»»

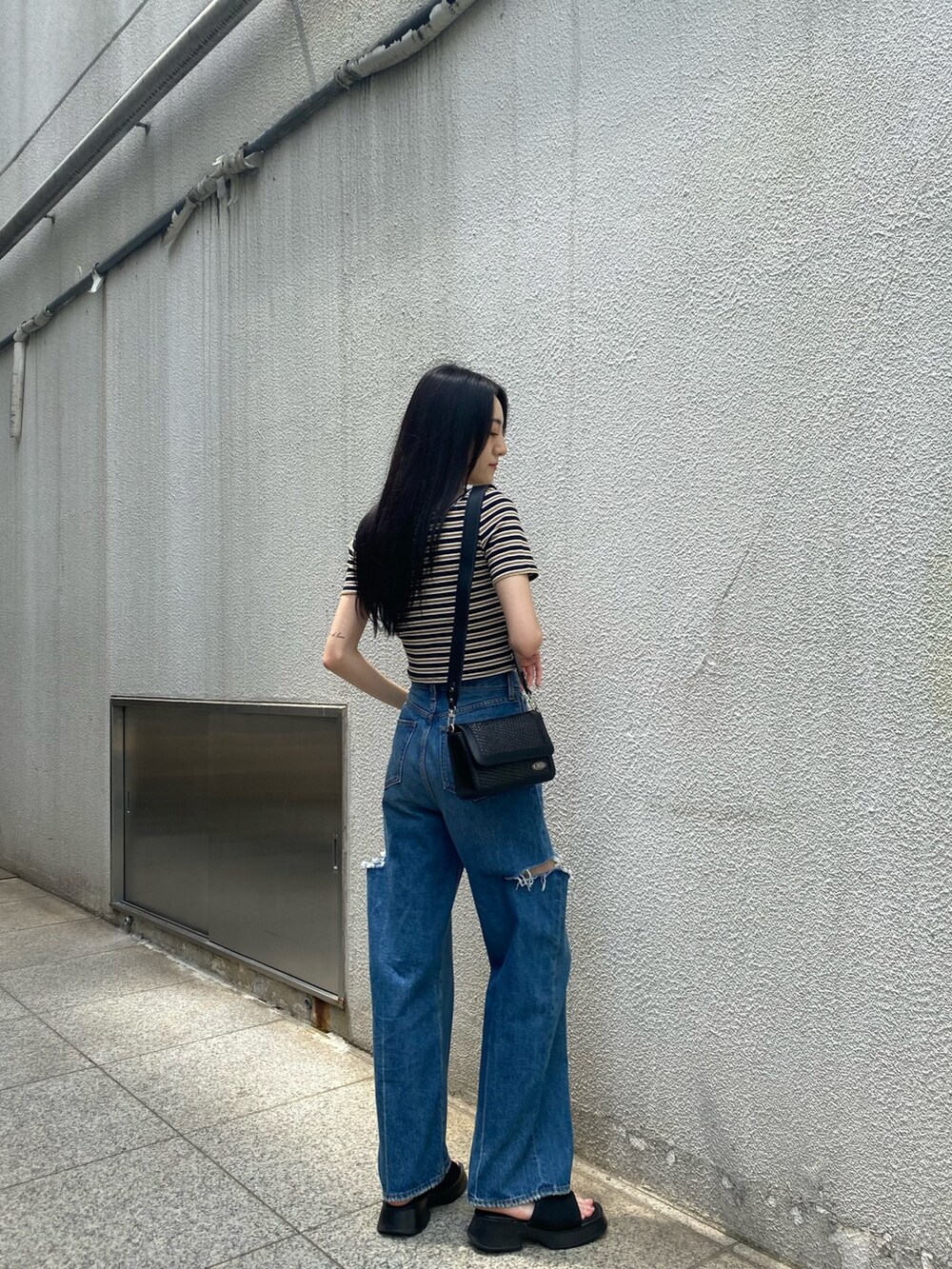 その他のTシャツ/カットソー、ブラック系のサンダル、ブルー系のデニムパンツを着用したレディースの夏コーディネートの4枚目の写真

««
»»

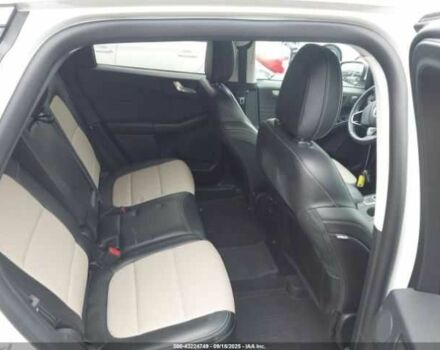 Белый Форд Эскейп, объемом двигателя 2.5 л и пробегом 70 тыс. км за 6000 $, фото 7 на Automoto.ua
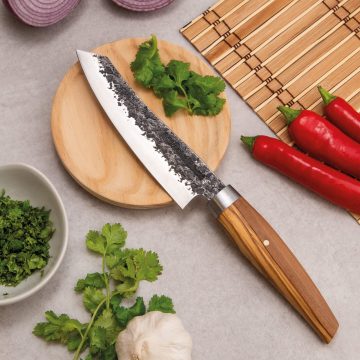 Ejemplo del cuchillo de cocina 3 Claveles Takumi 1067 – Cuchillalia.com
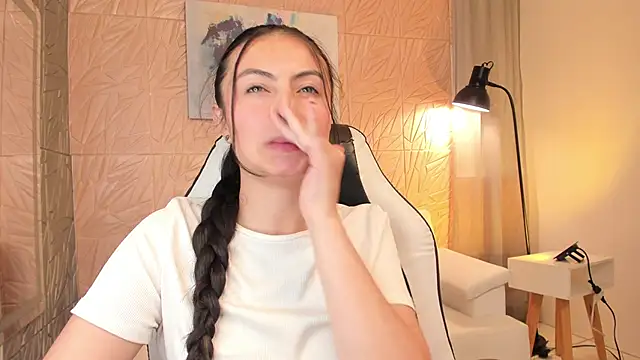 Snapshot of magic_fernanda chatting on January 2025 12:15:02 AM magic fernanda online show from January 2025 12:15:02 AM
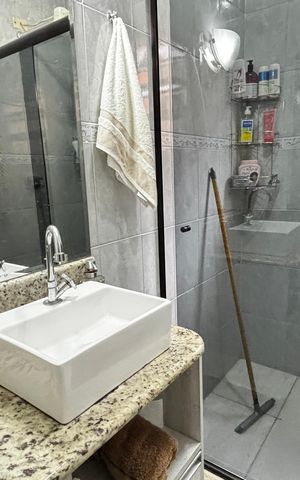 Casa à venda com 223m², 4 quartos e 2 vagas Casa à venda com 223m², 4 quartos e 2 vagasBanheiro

««

Set down again, exactly, every line above from the one with "Snapshot of magic_fernanda" down to the one with "Casa à venda com 223m², 4 quartos e 2 vagas Casa", both ends included. No pictures, and nothing else.

 Snapshot of magic_fernanda chatting on January 2025 12:15:02 AM magic fernanda online show from January 2025 12:15:02 AM
 Casa à venda com 223m², 4 quartos e 2 vagas Casa à venda com 223m², 4 quartos e 2 vagasBanheiro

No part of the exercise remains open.